We next went to Clignancourt, to one of Paris’s major Sunday flea markets. There are many vendors set up in the streets selling mostly jeans, T-shirts, and sunglasses, and other tourist items, but there is also an indoor area with many, many stalls offering better items, mostly antiques and memorabilia. There were stores selling everything from theater fixtures to furniture to African art to Hollywood movie posters. Spent a pleasant few hours there.

Later we went to St. Denis, a northern suburb of Paris, not far from Clignancourt. We visited the Basilica of St. Denis and the royal tombs there. Nearly all of France’s kings and queens (not to mention many princes, princesses, and other nobles) were buried here, going back to people like Clovis, who reigned in the 600s. Apparently the bodies are mostly gone--having been dug up and dumped in mass graves during the Revolution--but the stone sarcophagi (nearly all with a recumbent figure of the occupant--Henry II in the photo here) are there in their original positions. The church itself is pretty--much more delicate and open than I was expecting, with fully developed flying buttresses. This is usually said to be the first Gothic-style cathedral. Nearly all of the original stained glass has been removed for restoration. It’s been replaced for the time being with photographic reproductions of the glass, which sounds horrible, but it’s actually very difficult to tell--which is remarkable in itself. Nowhere can you get close enough to examine the surfaces, but I doubt you’d  know if you didn’t already know.

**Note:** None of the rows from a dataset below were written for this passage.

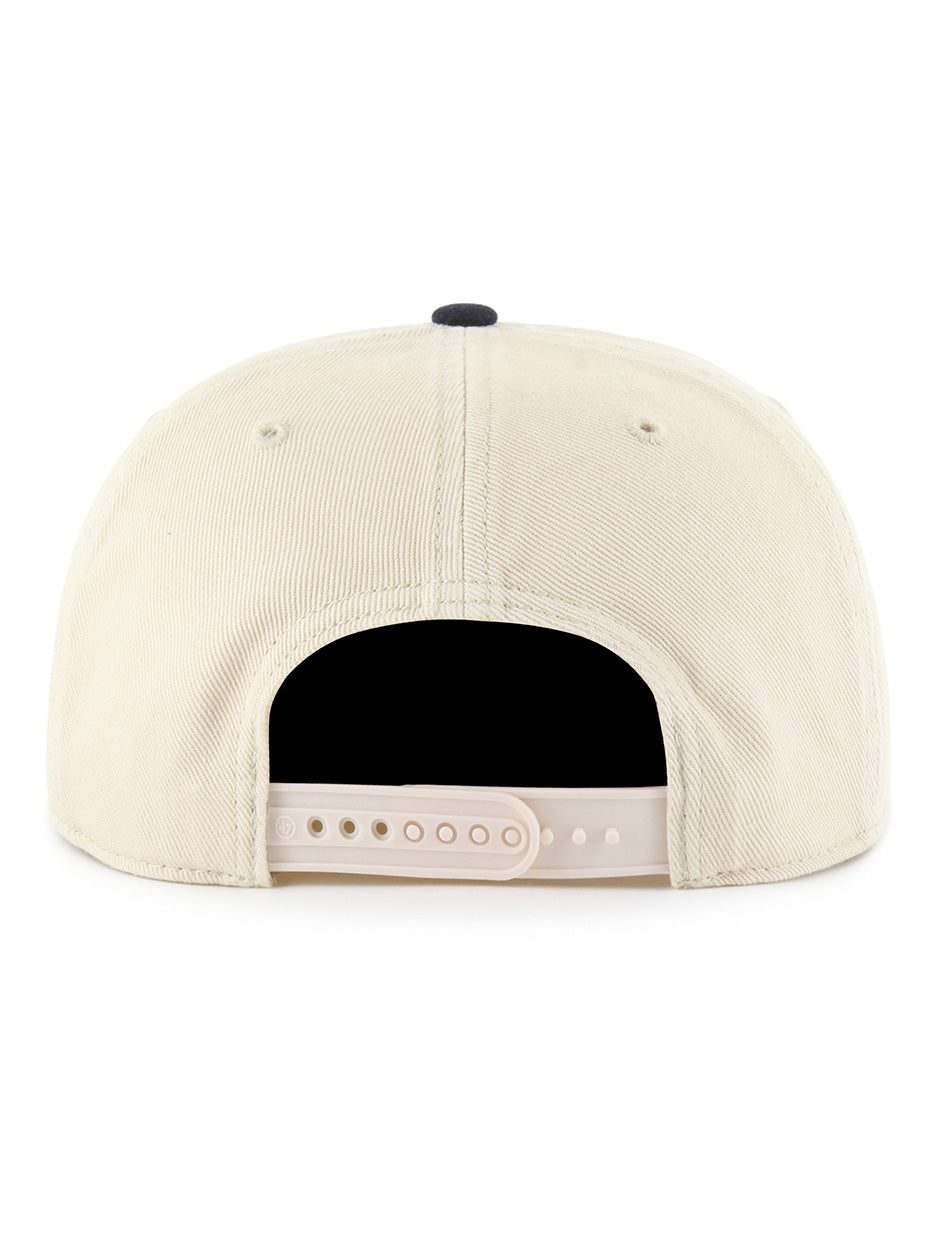 '47 Brand Texas Tech Chainstitch Double T "Fieldstone" Snapback Cap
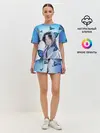 Женская пижама с шортами / ШИНОБУ КОЧО | KOCHO SHINOBU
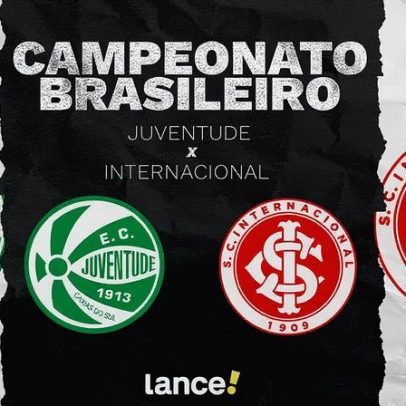 Juventude enfrenta Internacional onde assistir e horário do jogo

After dinner, went to the highest level of the Eiffel Tower for the first time. When I’ve been there in the past, the upper deck has always been closed. The view from the lower deck is fairly impressive, but the top allows you to see virtually all of Paris. There were crowds even at midnight. The area around the tower is swarming with vendors, mostly Africans, all selling identical souvenirs. I wonder why no one tries anything original? In the photo here, the beam of the tower spotlights is passing by.